Task requirements
The answer must be the lines from the one that holds "日本菜园热带外表设计日本雅潘" through the final line of the data, copied exactly, with no pictures.

Data segment
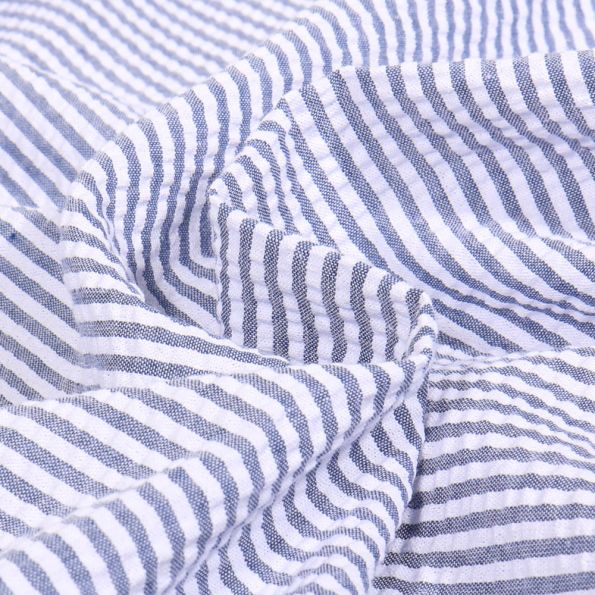 Tissu Seersucker Monica sur fond Bleu denim - Par 10 cm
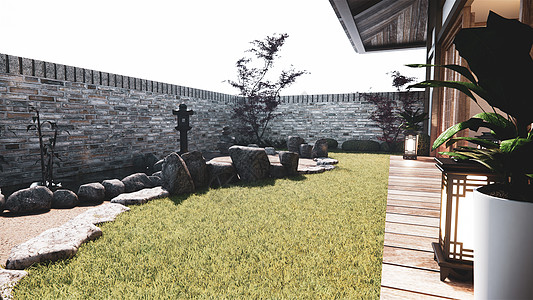 日本菜园热带外表设计日本雅潘风格 3D树木桌子寺庙花园艺术石头窗户建筑墙纸地面图片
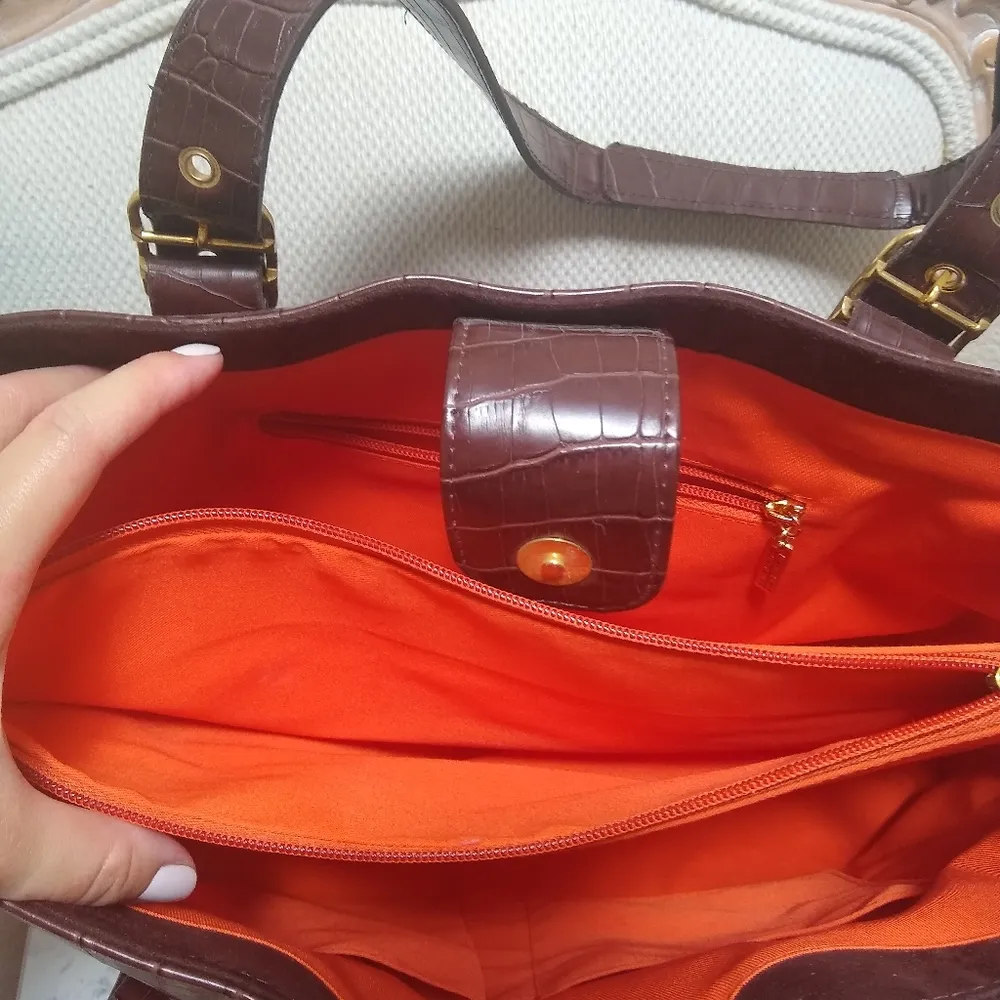 Joan Rivers Classics Brown Mixed Media Tote Bag - Image 3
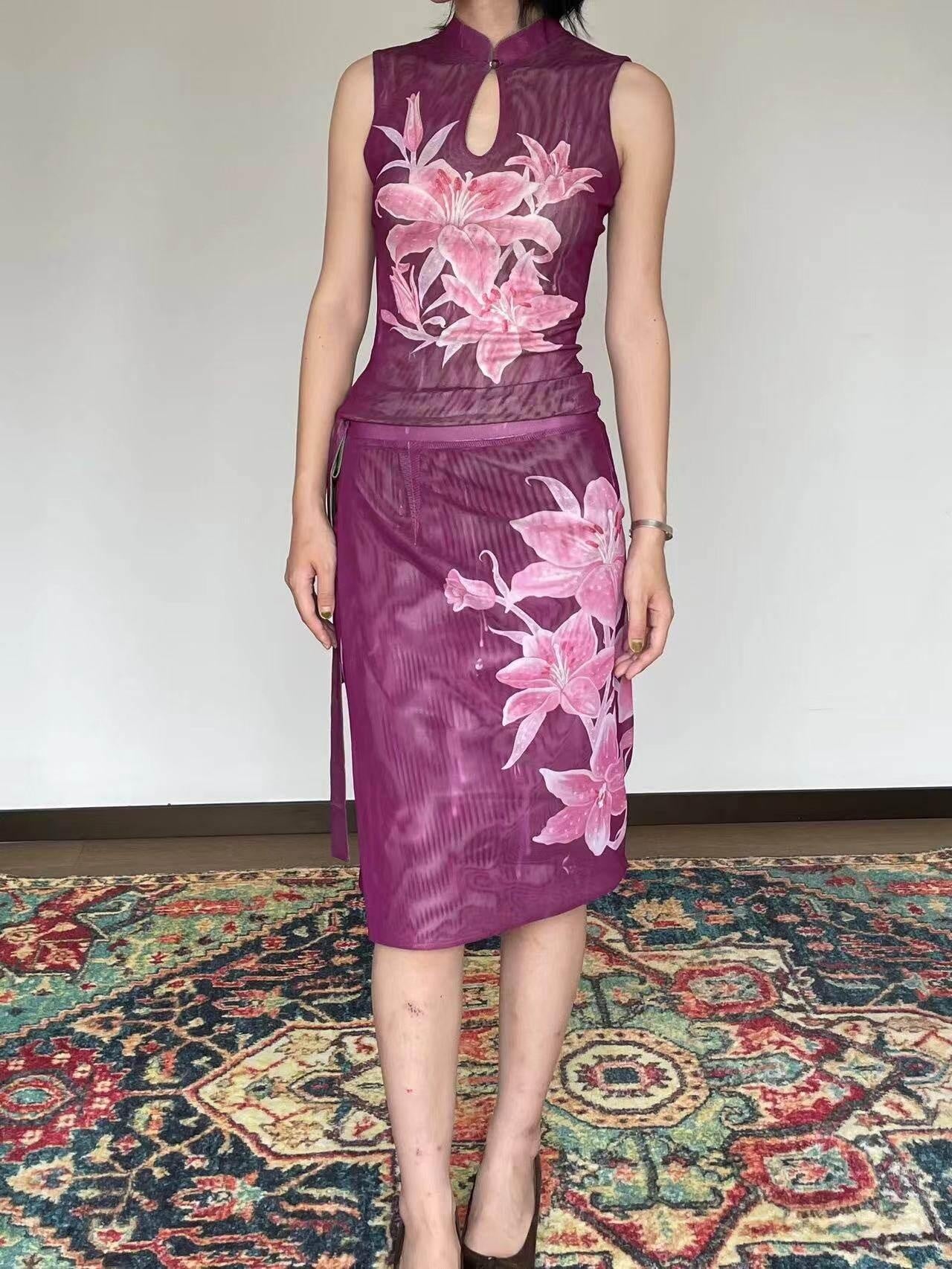 Wet Tail Elegant Chinese Floral Print Slim Fit Mid Waist Women Casual Travel Maxi Skirts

Written answer
 日本菜园热带外表设计日本雅潘风格 3D树木桌子寺庙花园艺术石头窗户建筑墙纸地面图片
 Joan Rivers Classics Brown Mixed Media Tote Bag - Image 3
 Wet Tail Elegant Chinese Floral Print Slim Fit Mid Waist Women Casual Travel Maxi Skirts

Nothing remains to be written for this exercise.